Sunday, September 10, 2017

A Horse Named Terry

"Do you want to come and meet Terry?" Her brown eyes wide. Sparkling. The embodiment of child-like wonder. If ever I'd had cause to use the phrase, this had been it.

"Sure, kiddo." This was not a request to be refused. Hearts of stone would crumble from the look in those eyes. Ravaging marauders would have given pause at the look on my daughter's face before continuing their rampage. The village would be burned, but that skip in time, that temporal record scratch, would have marked the moment forever.

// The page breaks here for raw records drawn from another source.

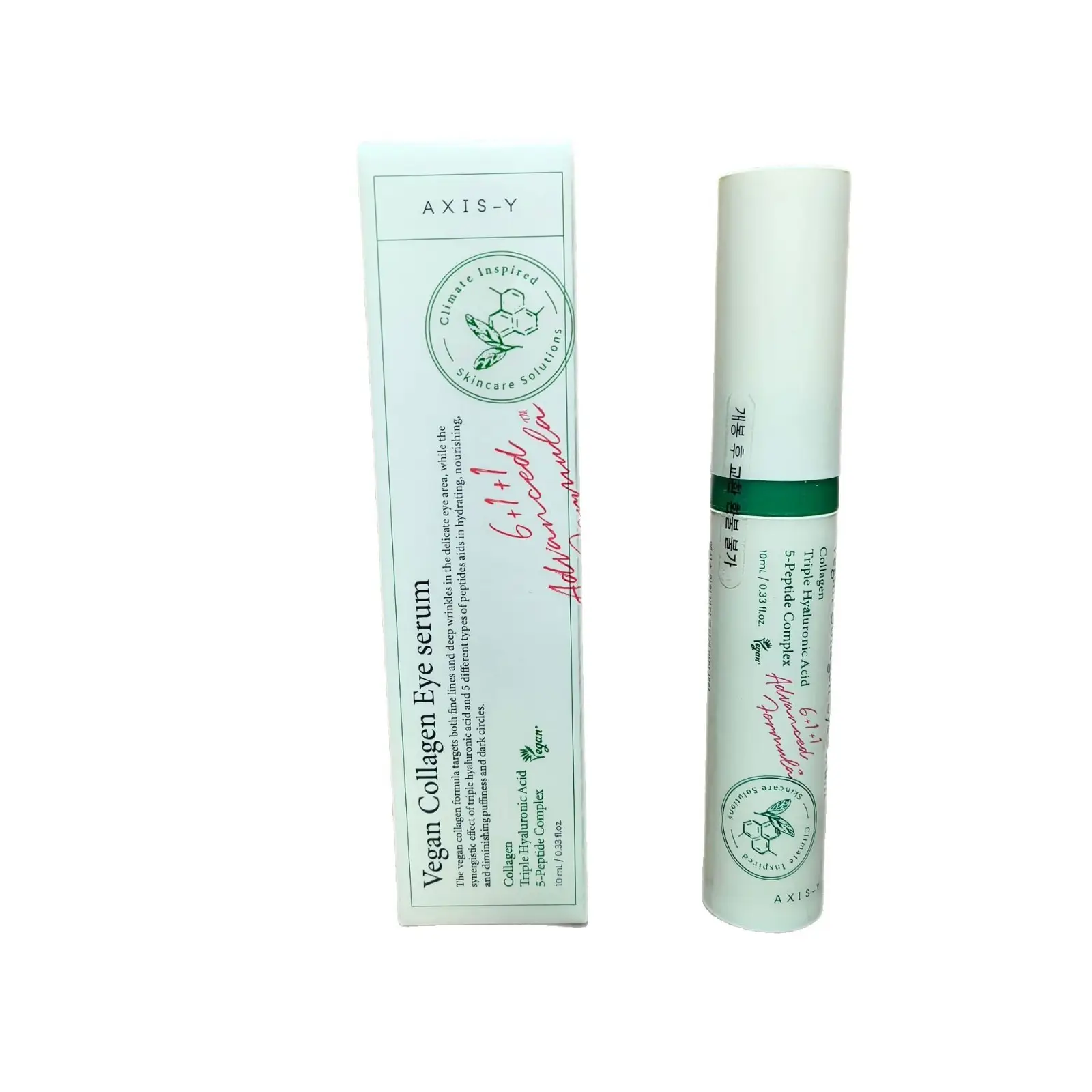 Anshu Research Collagen Eye Ball Essence 10ML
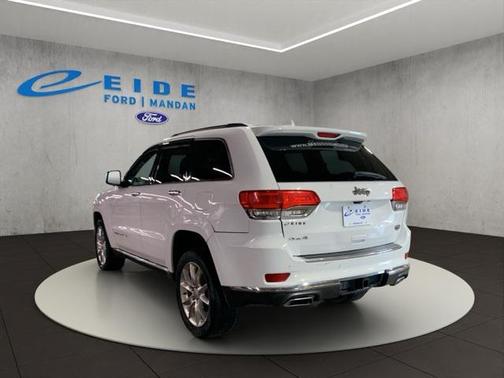 2014 Jeep Grand Cherokee Summit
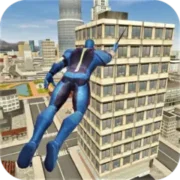 Rope Hero: Vice Town MOD APK v7.2.8 [Unlimited Money/Gems] Free Download for Android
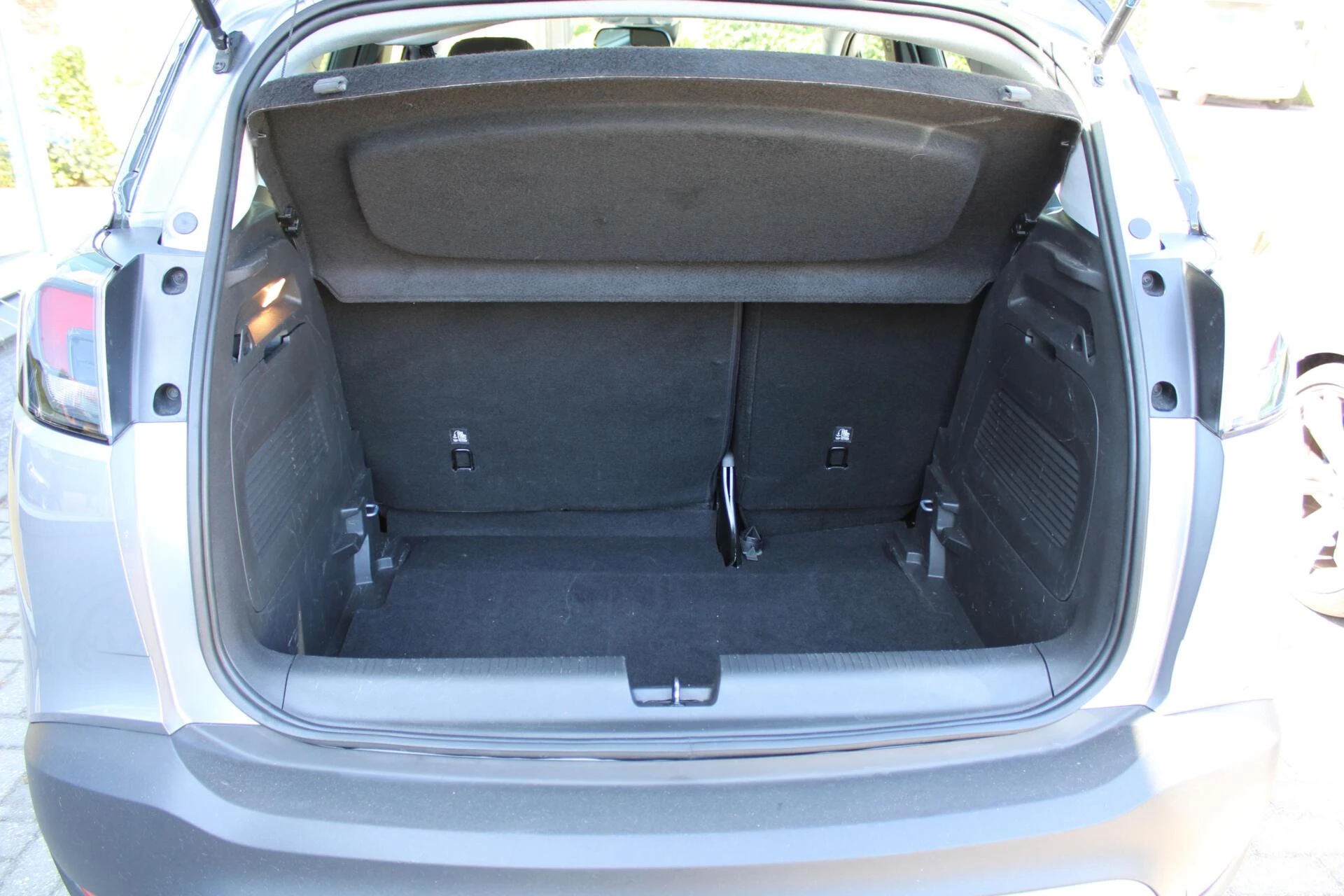 Hoofdafbeelding Opel Crossland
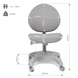 Комплект меблів Fundesk Ginepro Grey + дитяче крісло Cubby Cielo Grey 1345506 фото 13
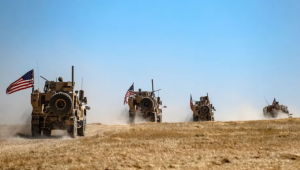 США не выведут войска из Сирии, заявил глава Пентагона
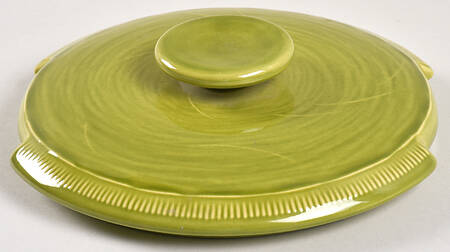 Wheat Green (Winter Green) Lid for Cookie Jar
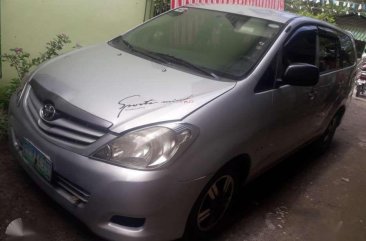 Toyota Innova j model 2011 FOR SALE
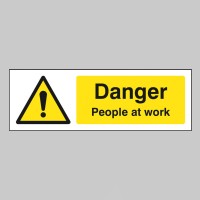 Danger - People at Work - TESTTTTT!!!!! Danger - People at Work - TESTTTTT!!!!!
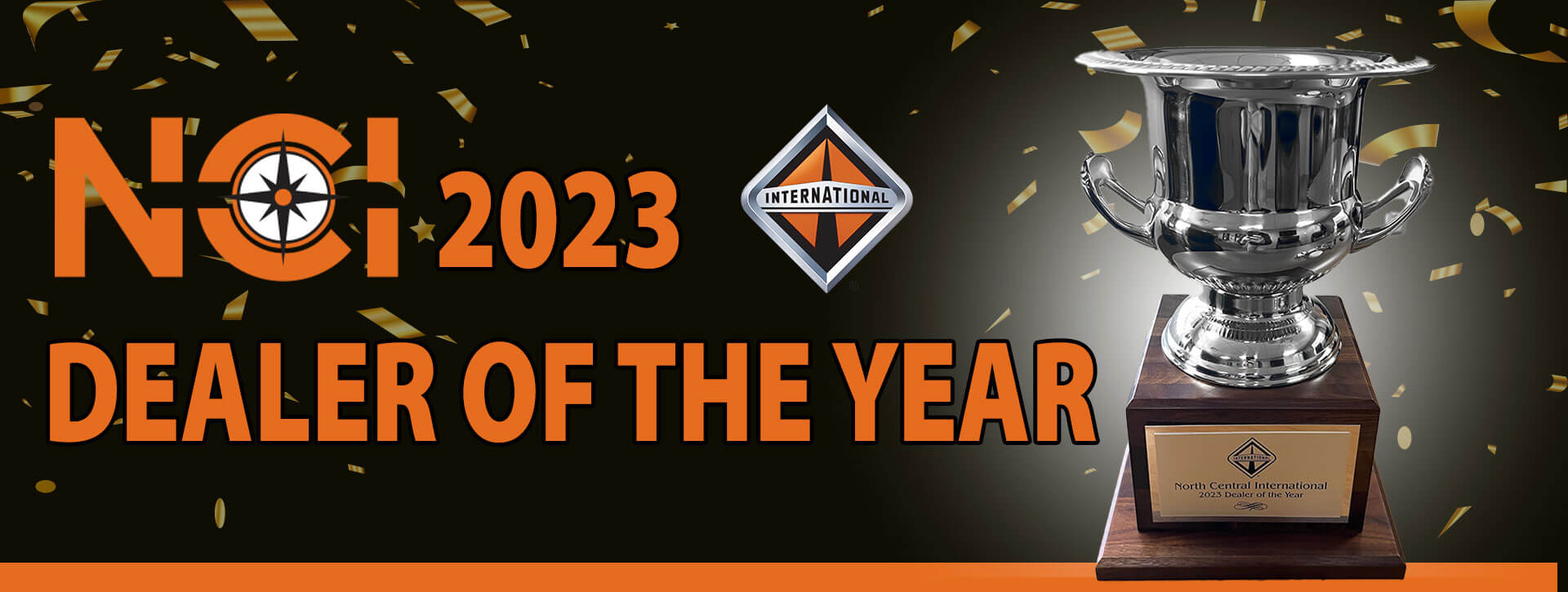 NCI 2023 International Dealer of the Year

I followed my daughter through the stables to the very end of a row of stalls, past other horses, to find Terry, the smallest of the lot, and my daughter's mount for the previous week. More of a pony, really, than a horse. A dwarf amongst giants. But when my daughter had ridden him a mere twenty or so minutes before, her head had practically been obscured for all the clouds so high had she sat.

Some familiar smells: the hay, the manure, the wood from the old barn, hide and hair. A thousand different odours combined that most people knew as "the farm smell:" a brown sludge. But to those versed in such things, there was an entire palette there with all kinds of data ripe for the collating. I'd grown accustomed to my (sub)urban environment and the accompanying smells, but some things would not--indeed could not--be forgotten, and I still had a vocabulary for such things, limited though it was.